Allowance for Doubtful Accounts-- Accounts receivable are shown net of the allowance for doubtful accounts. Accounts receivable considered uncollectible are charged against the allowance account in the year they are deemed uncollectible. The allowance for doubtful accounts is adjusted monthly, based upon a review of outstanding receivables. The allowance for doubtful accounts is $30,000 and $112,000 for 2012 and 2011, respectively.

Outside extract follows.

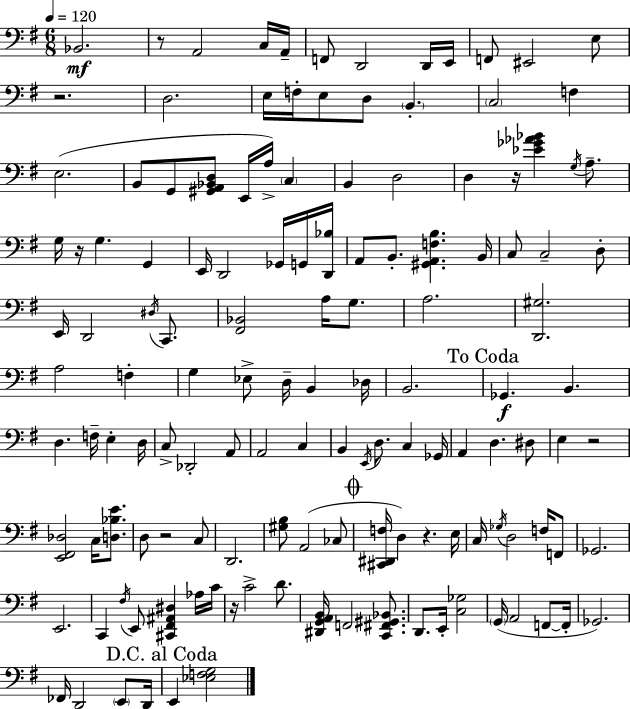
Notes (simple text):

Property, Equipment, and Software-- The Board's property, equipment, and software are stated at cost less accumulated depreciation and amortization. Depreciation and amortization are calculated on a straight-line basis over the estimated useful lives of the assets, which range from three to ten years for furniture and equipment, ten to fifty years for building equipment and structures, and two to ten years for software. Upon the sale or other disposition of a depreciable asset, the cost and related accumulated depreciation or amortization are removed and any gain or loss is recognized. Construction in process includes costs incurred for short-term and long-term projects that have not been placed into service. The majority of the balance represents long-term building enhancement projects.
Art Collections-- The Board has collections of works of art, historical treasures, and similar assets. These collections are maintained and held for public exhibition in furtherance of public service. Proceeds from any sales of collections are used to acquire other items for collections. The cost of collections purchased by the Board is charged to expense in the year purchased and donated collection items are not recorded. The value of the Board's collections has not been determined.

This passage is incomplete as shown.